Author: Julia Beyersdorf, Fraunhofer-ISI
About a week after the 3rd NEST conference in Utrecht (NL), I’m back to my daily work life in South Germany and, at the same time, I am not. I’ve experienced enriching two conference days and three evening events. Naturally, I learned more about the Sustainable Transition frameworks, their different foci and limitations. We were also able to meet and discuss with Anna J. Wieczorek and Marko Hekkert, two veterans of the field. Most notable to me, however, was the opportunity to meet a range of brilliant fellow scholars in the field.
As visible from almost doubled application numbers compared to the year before, the interest of early career researchers in Sustainable Transitions in mutual exchange is growing (116 versus approx. 60 applications in 2017). And, thanks to our organizers and support from veteran transitions scholar Marko Hekkert (he paid our drinks), we had plenty of opportunities for social mingling. Starting with an informal bar meeting for the 20ish early arrivals, we went to coffee and lunch breaks, complemented by the obligatory conference dinner and goodbye drinks on Friday.
Once even pushing a fully stocked coffee tray over a street and the grass verge in between, the organizers proved very dedicated to facilitate network growth.
Over hot drinks and vegetarian food, I could meet many PhD and quite a few post-doctoral scholars. They came from inside and outside Europe, from developing research centres as well as from renowned policy and innovation hubs such as SPRU, DRIFT, and naturally the hosting Copernicus Institute. It was as inspiring to hear about their research ambitions and findings as it was funny to discuss delicious food while eating (according to our Italy-based delegates, this is typical Italian behavior).
Since Sustainable Transition frameworks are applicable to a broad range of environmental, social, and economic challenges, the topics and approaches that my fellow researchers employ and address are diverse. It was a challenge in itself to decide which of the parallel presentations to listen to. Contributions concerned architecture and urban planning, bioeconomy, diffusion of renewable energy technologies, alternative ways of economizing, participatory and bottom-up approaches, and other. Despite the differences in approaches and issues, I could recognize a shared vision of contributing to the shaping of a better tomorrow (yes, it is as cheesy as that).
I also felt a sense of support and openness. Constructive feedback followed each presentation and, sometimes, vivid discussions. An especially vivid discussion about the limitations of the Technological Innovation System (TIS) framework even took over a whole workshop on Transition frameworks for mission-oriented innovation policy (facilitated by assistant professor Joeri Wesseling). Discussion contributions reflected the attendants’ diverse educational backgrounds in design theory, social sciences, ethics, and other. I thoroughly enjoyed that interdisciplinary exchange, however, not everybody might have done so. In two parallel workshops, my fellow scholars had the opportunity to either train discussing their research findings with a journalist or work on the Resilience of transitions. Tim van Haan and Ingrid Hersche from the Utrecht Communications office facilitated the former, while end-phase PhD scholar Susan Mühlemeier was in charge of the latter.

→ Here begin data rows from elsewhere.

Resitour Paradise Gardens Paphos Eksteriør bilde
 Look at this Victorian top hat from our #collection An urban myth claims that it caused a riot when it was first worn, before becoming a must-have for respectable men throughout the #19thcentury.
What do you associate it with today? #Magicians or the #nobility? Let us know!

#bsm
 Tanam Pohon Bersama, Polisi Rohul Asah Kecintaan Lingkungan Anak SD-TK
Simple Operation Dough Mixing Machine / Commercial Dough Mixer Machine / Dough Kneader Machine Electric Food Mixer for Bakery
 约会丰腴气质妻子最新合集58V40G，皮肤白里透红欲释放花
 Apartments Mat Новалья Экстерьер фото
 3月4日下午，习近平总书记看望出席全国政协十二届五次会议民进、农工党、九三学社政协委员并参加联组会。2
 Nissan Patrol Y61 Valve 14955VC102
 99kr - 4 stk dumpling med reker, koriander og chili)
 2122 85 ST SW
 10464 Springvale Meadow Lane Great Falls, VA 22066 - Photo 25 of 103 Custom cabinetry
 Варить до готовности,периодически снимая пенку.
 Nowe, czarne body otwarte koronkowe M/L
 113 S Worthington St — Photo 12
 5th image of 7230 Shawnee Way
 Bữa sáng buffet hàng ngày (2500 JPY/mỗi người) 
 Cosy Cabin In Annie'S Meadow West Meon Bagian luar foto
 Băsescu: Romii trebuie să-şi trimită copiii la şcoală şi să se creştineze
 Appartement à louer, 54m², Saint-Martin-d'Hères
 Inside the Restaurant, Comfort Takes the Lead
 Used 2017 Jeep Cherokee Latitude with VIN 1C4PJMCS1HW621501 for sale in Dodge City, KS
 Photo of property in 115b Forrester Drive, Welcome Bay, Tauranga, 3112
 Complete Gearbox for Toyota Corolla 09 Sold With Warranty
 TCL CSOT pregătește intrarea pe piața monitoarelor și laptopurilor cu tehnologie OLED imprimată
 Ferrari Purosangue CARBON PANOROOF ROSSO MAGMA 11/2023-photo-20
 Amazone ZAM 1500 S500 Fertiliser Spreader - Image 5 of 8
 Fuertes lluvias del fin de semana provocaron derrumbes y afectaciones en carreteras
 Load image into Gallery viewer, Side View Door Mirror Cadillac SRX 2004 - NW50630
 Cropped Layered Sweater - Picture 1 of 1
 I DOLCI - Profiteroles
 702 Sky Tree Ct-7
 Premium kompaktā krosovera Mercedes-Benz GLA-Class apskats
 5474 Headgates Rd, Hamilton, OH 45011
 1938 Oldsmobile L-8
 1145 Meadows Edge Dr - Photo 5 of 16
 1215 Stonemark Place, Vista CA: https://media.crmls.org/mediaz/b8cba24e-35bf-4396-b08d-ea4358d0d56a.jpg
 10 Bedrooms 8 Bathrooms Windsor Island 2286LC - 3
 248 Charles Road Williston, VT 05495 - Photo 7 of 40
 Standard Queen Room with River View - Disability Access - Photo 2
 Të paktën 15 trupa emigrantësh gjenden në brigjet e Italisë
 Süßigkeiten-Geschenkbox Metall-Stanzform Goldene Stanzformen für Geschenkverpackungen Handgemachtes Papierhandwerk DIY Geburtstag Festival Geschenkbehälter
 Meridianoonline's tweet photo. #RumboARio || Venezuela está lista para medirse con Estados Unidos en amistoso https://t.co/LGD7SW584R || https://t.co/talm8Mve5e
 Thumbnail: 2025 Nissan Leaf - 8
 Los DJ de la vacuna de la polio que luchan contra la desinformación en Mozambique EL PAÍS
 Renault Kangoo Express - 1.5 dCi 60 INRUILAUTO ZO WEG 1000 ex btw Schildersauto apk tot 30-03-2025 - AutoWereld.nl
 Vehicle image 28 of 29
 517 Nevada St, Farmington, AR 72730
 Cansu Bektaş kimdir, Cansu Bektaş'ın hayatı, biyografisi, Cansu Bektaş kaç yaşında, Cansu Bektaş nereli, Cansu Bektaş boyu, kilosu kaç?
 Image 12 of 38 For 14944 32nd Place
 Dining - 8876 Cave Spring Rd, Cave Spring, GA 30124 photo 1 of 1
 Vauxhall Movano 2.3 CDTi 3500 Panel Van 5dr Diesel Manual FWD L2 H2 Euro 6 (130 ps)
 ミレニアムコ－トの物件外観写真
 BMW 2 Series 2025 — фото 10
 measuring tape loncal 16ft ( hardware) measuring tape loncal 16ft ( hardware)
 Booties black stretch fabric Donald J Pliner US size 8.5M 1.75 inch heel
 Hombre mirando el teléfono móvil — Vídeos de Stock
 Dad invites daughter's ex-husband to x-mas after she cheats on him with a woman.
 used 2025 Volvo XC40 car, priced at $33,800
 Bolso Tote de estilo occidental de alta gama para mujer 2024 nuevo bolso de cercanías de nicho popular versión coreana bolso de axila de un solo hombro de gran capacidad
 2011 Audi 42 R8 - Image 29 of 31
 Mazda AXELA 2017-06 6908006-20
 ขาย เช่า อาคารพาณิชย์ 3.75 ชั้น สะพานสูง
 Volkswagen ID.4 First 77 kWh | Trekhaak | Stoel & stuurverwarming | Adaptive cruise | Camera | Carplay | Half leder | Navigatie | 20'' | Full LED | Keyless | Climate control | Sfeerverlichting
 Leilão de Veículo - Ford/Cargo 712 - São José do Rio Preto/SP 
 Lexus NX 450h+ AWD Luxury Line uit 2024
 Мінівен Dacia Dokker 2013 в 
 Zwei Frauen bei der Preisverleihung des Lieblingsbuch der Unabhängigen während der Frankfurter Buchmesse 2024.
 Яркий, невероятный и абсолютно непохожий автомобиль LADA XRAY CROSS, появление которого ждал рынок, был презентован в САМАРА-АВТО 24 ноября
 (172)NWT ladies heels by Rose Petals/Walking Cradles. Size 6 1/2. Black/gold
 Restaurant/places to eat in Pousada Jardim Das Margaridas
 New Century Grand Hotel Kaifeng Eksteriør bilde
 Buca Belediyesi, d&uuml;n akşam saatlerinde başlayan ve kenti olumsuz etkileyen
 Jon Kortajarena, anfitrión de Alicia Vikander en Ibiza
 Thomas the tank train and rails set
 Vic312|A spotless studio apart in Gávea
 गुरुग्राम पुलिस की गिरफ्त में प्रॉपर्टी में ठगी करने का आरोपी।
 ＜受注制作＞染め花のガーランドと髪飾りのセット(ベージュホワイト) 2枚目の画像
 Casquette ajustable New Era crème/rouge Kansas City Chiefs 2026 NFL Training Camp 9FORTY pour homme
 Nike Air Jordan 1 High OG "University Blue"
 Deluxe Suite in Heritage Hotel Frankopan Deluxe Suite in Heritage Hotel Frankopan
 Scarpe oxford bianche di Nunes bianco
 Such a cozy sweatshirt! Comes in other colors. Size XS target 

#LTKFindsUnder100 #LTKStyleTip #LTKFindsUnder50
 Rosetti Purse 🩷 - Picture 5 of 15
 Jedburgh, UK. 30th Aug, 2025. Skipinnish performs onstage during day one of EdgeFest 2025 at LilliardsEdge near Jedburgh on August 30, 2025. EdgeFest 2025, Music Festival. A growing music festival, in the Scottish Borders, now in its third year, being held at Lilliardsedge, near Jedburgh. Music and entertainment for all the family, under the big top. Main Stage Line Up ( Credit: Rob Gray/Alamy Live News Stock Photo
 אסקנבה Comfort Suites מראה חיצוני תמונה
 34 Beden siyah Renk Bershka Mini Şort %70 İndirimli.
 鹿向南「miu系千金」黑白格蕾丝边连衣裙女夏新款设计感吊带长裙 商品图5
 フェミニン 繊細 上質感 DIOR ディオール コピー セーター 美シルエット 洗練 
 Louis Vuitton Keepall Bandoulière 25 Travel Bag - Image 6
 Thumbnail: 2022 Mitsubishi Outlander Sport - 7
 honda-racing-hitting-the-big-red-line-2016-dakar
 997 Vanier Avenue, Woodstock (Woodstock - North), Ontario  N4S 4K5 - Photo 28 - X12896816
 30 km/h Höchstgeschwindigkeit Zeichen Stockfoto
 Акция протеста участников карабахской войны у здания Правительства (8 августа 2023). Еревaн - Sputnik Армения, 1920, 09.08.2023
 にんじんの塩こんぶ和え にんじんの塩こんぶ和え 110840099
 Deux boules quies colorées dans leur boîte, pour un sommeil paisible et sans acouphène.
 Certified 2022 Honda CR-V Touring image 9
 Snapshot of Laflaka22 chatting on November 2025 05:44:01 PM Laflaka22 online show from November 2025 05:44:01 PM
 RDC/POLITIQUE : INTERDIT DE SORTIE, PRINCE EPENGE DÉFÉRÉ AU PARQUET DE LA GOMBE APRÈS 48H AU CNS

Vivid discussions also ensued the keynotes of Anna J. Wieczorek and Marko Hekkert. Suited to her audience, Anna introduced us to relevant literature and presented the most recent vision of the sustainable transitions researcher network, of which she is a co-founder (see also the STRN website and their updated research agenda). She further let us benefit from her research insights to governance in developing countries, explaining how their alleged messiness enables them to adapt flexibly to societal and environmental issues and is not necessarily a shortcoming (read more). Dedicated to the cause of transitioning to a more sustainable tomorrow, she advocated to focus on contents and the issue at hand first, then on theoretical contribution.
Adding to Anna’s appeal, Marko provided us early career researchers with hands-on advice on how to engage policy makers. Coming from a background of more than a decade-long experience as researcher and political consultant, he suggested that researchers should keep it simple and translate their findings in a relatable manner. One way of doing so is using metaphors to illustrate an issue, as everybody has a notion of an innovation engine that is stalling. But how to get policy makers to listen to you in the first place, when you are merely in the beginning of your career? Apparently, becoming a twitter queen/king can create legitimacy and thus an entry card 😉
Overall, I am glad to have met so many brilliant and dedicated minds in one place. Not only am I looking forward to meeting them on next year’s #4thNEST conference and hear about their progress, I believe their efforts will contribute in various ways to a more sustainable tomorrow. Certainly, their suggestions and feedback have contributed to my PhD research considerations already.